We are interested in estimating an intent-to-treatment effect, i.e. how does *access* to Medicaid increase the number of doctor visits. Thus, our regression model is 

$$ DOCVIS_i = \beta_0 + \beta_1 * TREATMENT_i + X_i'\beta + \varepsilon_i,$$

where $DOCVIS_i$ is the number of doctor visits, $TREATMENT_i$ is access to health insurance. The controls $X_i$ contain the variables: 

`dddraw_sur_2 ddddraw_sur_3 ddddraw_sur_4 ddddraw_sur_5 ddddraw_sur_6 ddddraw_sur_7 dddnumhh_li_2 dddnumhh_li_3 ddddraXnum_2_2 ddddraXnum_2_3 ddddraXnum_3_2 ddddraXnum_3_3 ddddraXnum_4_2 ddddraXnum_5_2 ddddraXnum_6_2 ddddraXnum_7_2`

The list with column names that we will need to build the data frame is the following:

In [36]:
columnnames = ['treatment','ddddraw_sur_2', 'ddddraw_sur_3', 'ddddraw_sur_4',
            'ddddraw_sur_5', 'ddddraw_sur_6', 'ddddraw_sur_7', 
            'dddnumhh_li_2', 'dddnumhh_li_3', 'ddddraXnum_2_2', 'ddddraXnum_2_3',
            'ddddraXnum_3_2', 'ddddraXnum_3_3', 'ddddraXnum_4_2',
            'ddddraXnum_5_2', 'ddddraXnum_6_2', 'ddddraXnum_7_2']

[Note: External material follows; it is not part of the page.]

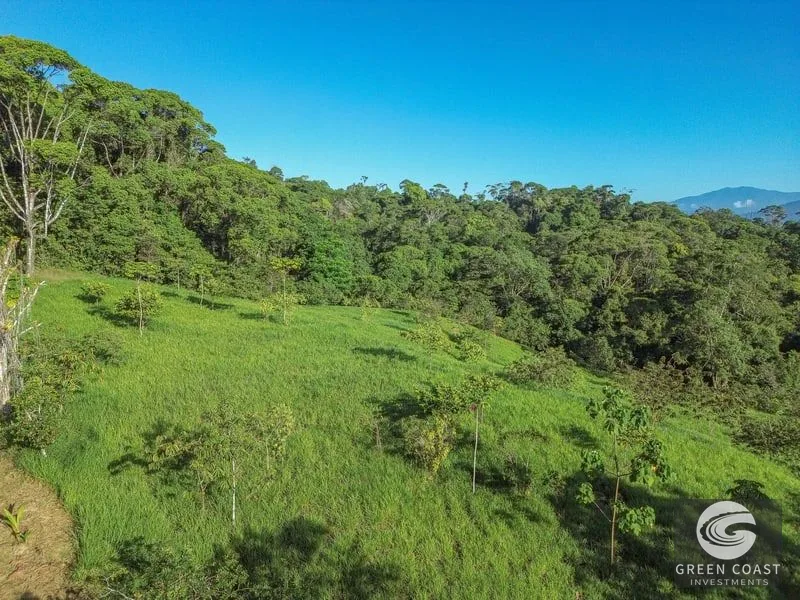 55-Acre Escaleras Farm: Ocean View, 9 Water Taps & 6 Building Sites — view 5, Dominical, Dominical, Costa Rica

In task 2.2, we build the data frame with the relevant variables and then estimate the regression model above using the package [`statsmodels`](https://www.statsmodels.org/stable/generated/statsmodels.regression.linear_model.OLS.html#statsmodels.regression.linear_model.OLS). Is there a significant effect of $TREATMENT_i$, i.e., access to Medicaid?

### 3)

Now, we would like to extend the model and include variables on gender, education and race/ethnicity in addition to the regressors from part 2.2

`female_list, hhinc_pctfpl_12m, age2008, edu_12m_2, edu_12m_3, edu_12m_4, english_list, zip_msa, race_white_12m, race_black_12m, race_hisp_12m`

Does your conclusion from part 2.2 change?


### 4)

How would you summarize your results? Are the OLS conditions met in the Oregon Health Example?